Top of Exercise materials

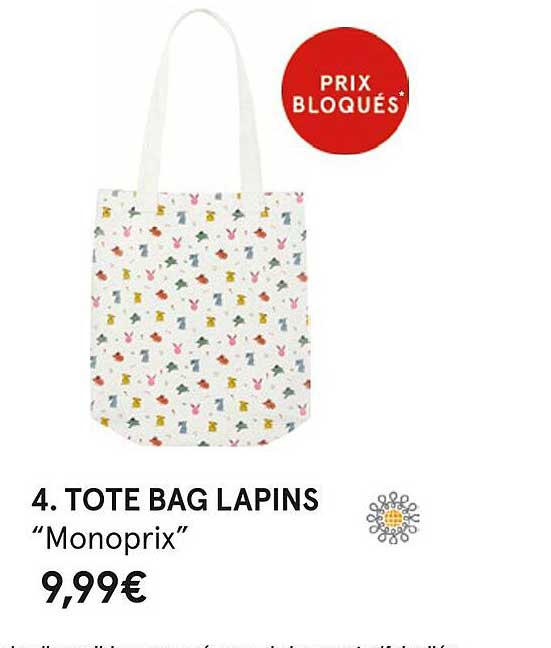 tote bag lapins "monoprix"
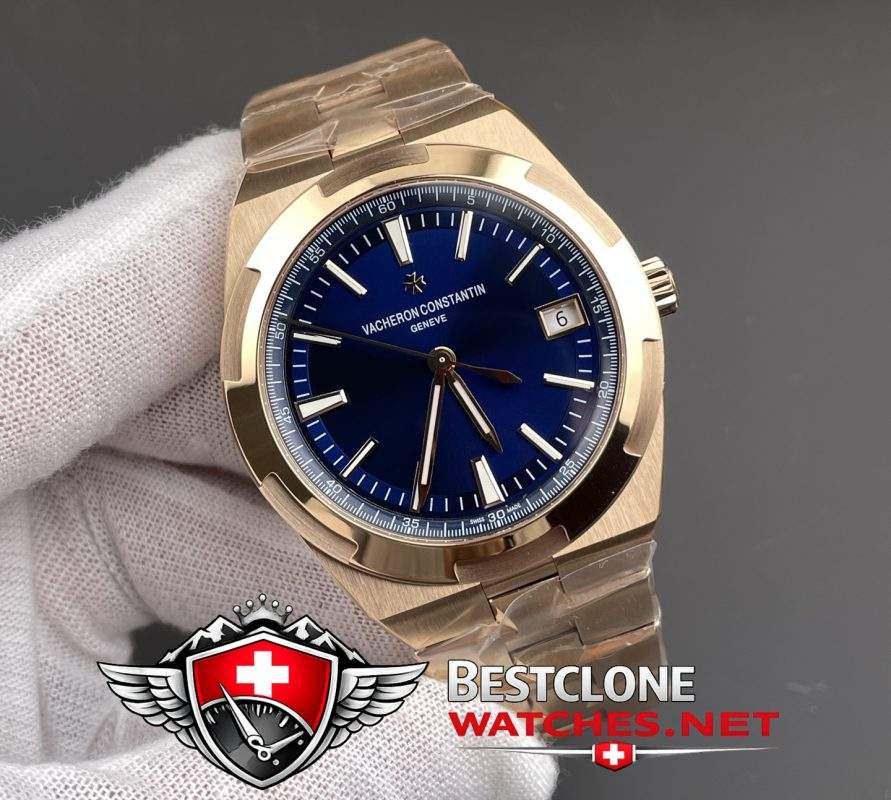 PPF Overseas 4520V Replica Blue Dial Angled View Light Reflection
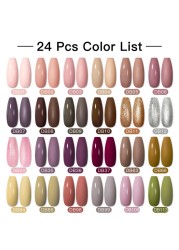 Mtssii 25/60pcs Color Gel Nail Polish Set Glitter Sequins Gel Soak Off UV Gel Semi Permanent Base and Top Coat Nail Art Gel Kits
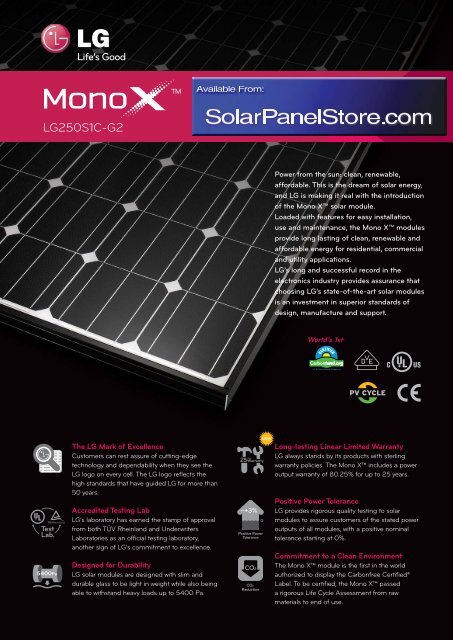 LG250S1C-G2 - the Solar Panel Store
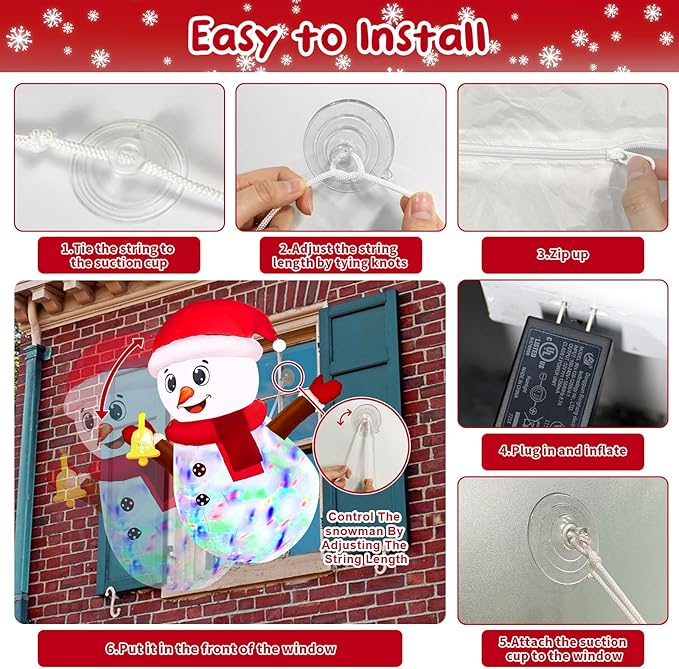 4ft Christmas Inflatables Decoration Outdoor Snowman Broke Out from Window with Built-in LED Rotating Color Lights Blow Up Christmas Decoration Outdoor Indoor Holiday Yard Garden Lawn Xmas Decor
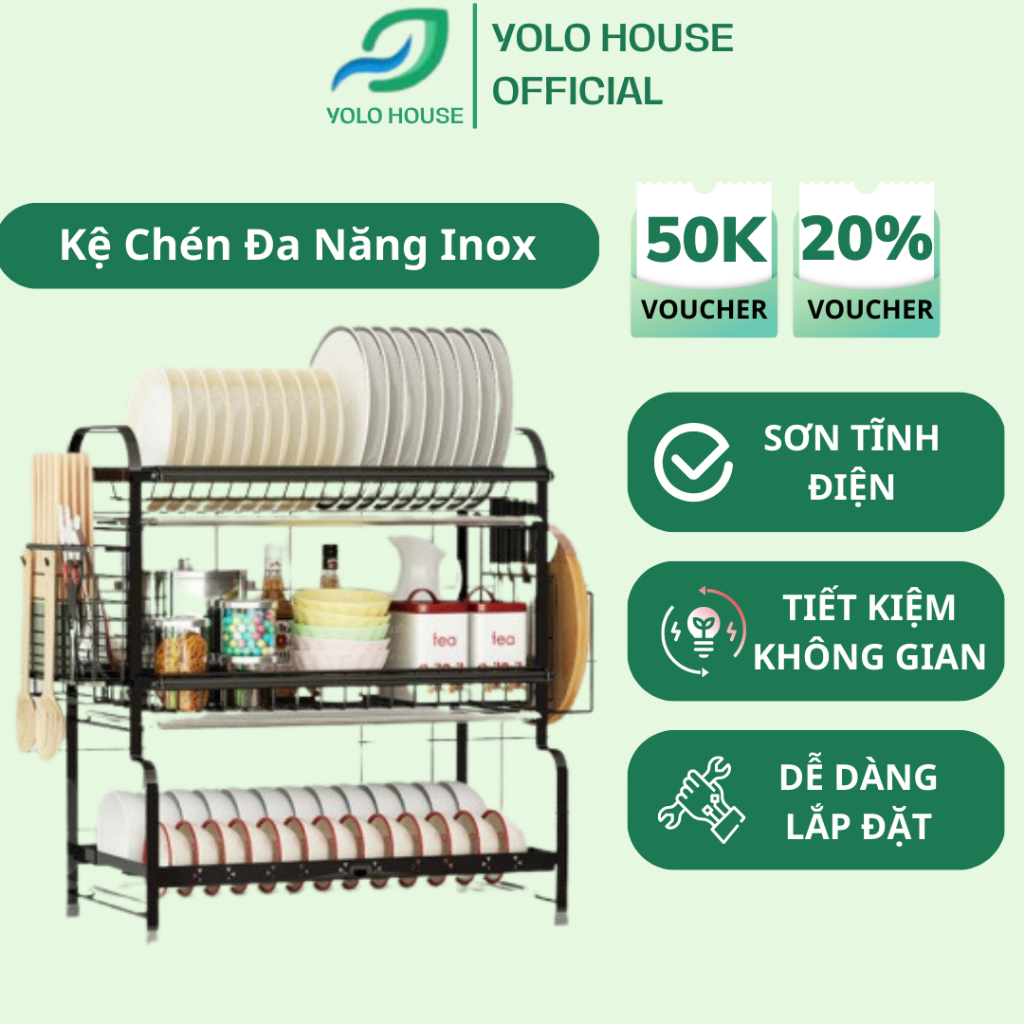 Kệ Chén Đa Năng Inox Loại 2Tầng, Kệ Úp Bát Đĩa Trên Bồn Rửa Thông Minh ...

Bottom of Exercise materials

■ Assignment ■
Type the lines above out again exactly as they appear, skipping every picture.

■ Result of the exercise ■
 tote bag lapins "monoprix"
 PPF Overseas 4520V Replica Blue Dial Angled View Light Reflection
 Mtssii 25/60pcs Color Gel Nail Polish Set Glitter Sequins Gel Soak Off UV Gel Semi Permanent Base and Top Coat Nail Art Gel Kits
 LG250S1C-G2 - the Solar Panel Store
 4ft Christmas Inflatables Decoration Outdoor Snowman Broke Out from Window with Built-in LED Rotating Color Lights Blow Up Christmas Decoration Outdoor Indoor Holiday Yard Garden Lawn Xmas Decor
 Kệ Chén Đa Năng Inox Loại 2Tầng, Kệ Úp Bát Đĩa Trên Bồn Rửa Thông Minh ...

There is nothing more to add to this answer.